Would you please repeat all of the data exactly, omitting the pictures?

Available data:
[Start of section]

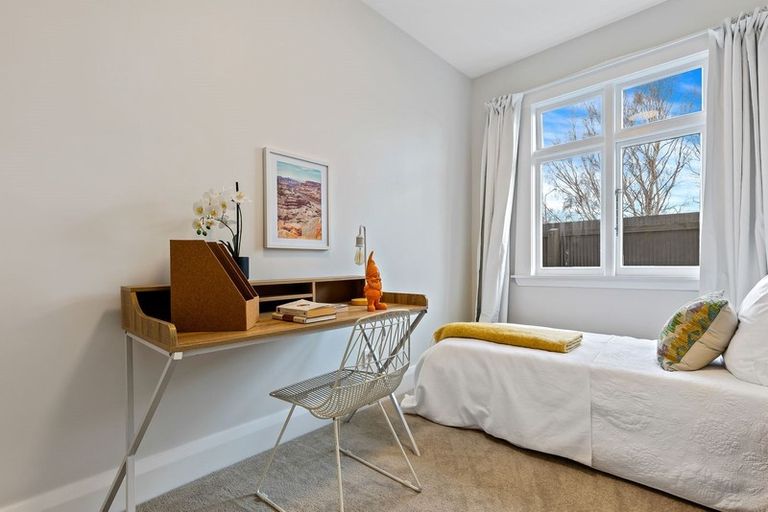 Photo of property in 1/19 Hills Road, Edgeware, Christchurch, 8013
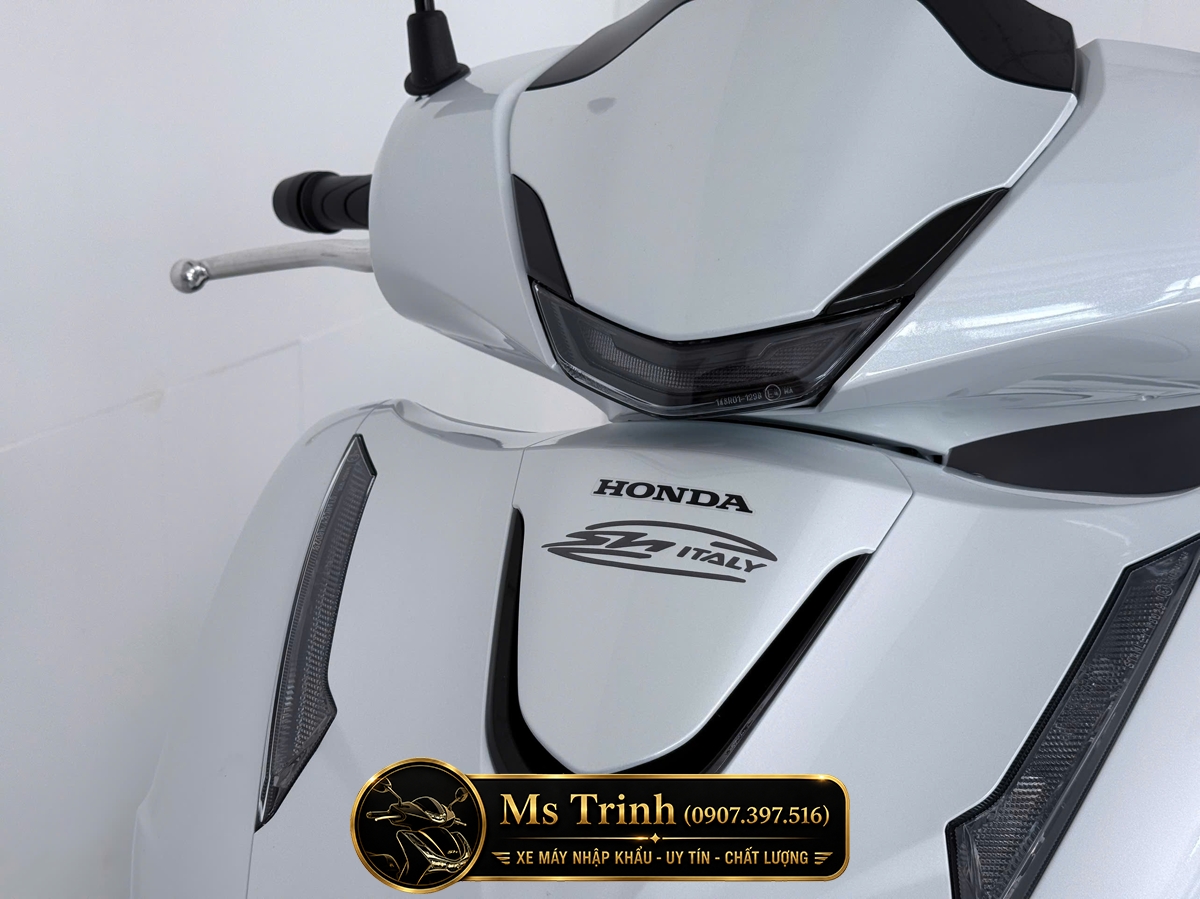 Honda SH150i Special Edition Standard nhập HMR Ý màu trắng tại Khánh Hòa: Giá trị nằm trong từng chi tiết nguyên bản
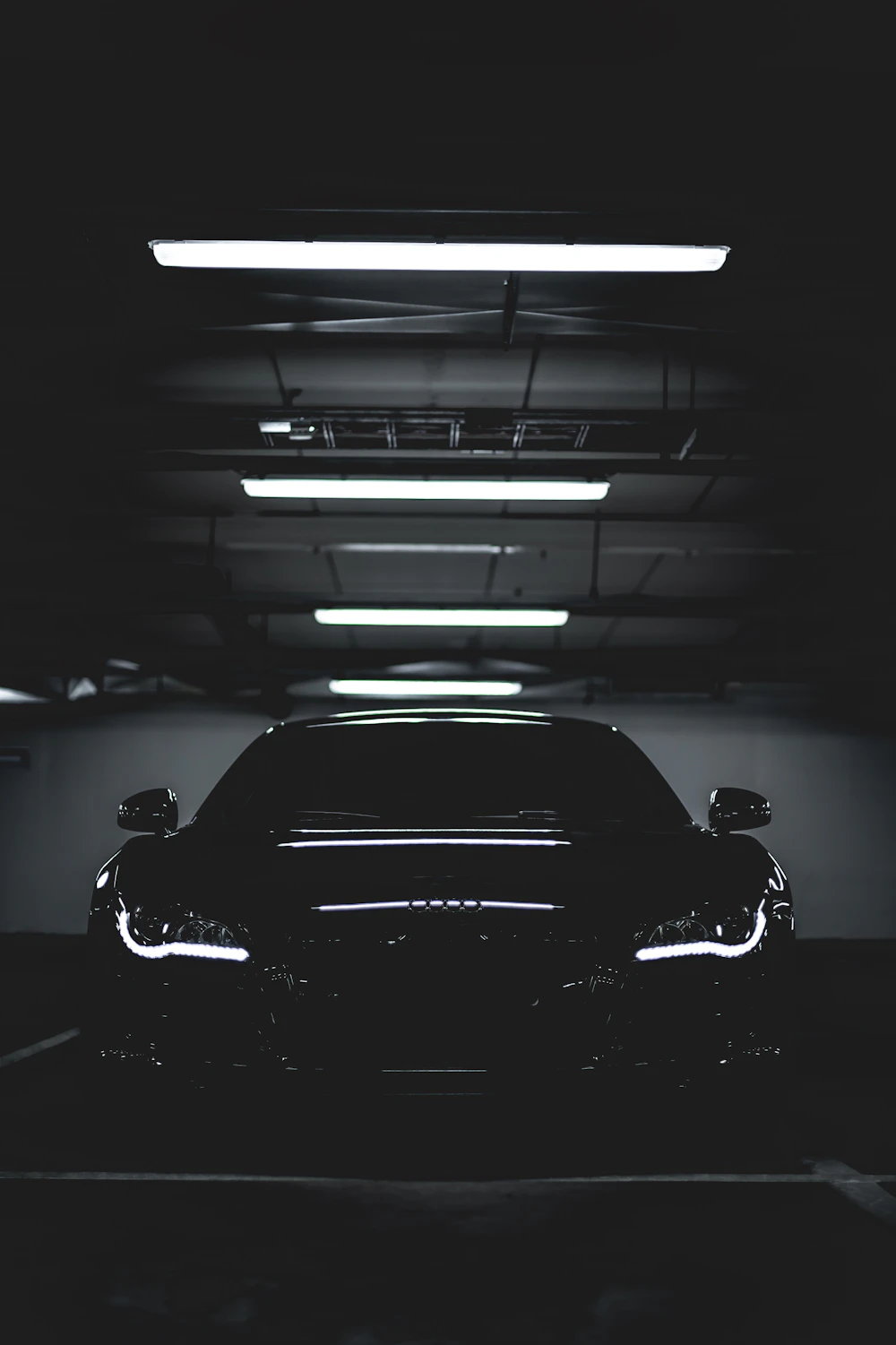 Carrosserie de voiture brillante après finition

[End of section]

Answer area:
 Photo of property in 1/19 Hills Road, Edgeware, Christchurch, 8013
 Honda SH150i Special Edition Standard nhập HMR Ý màu trắng tại Khánh Hòa: Giá trị nằm trong từng chi tiết nguyên bản
 Carrosserie de voiture brillante après finition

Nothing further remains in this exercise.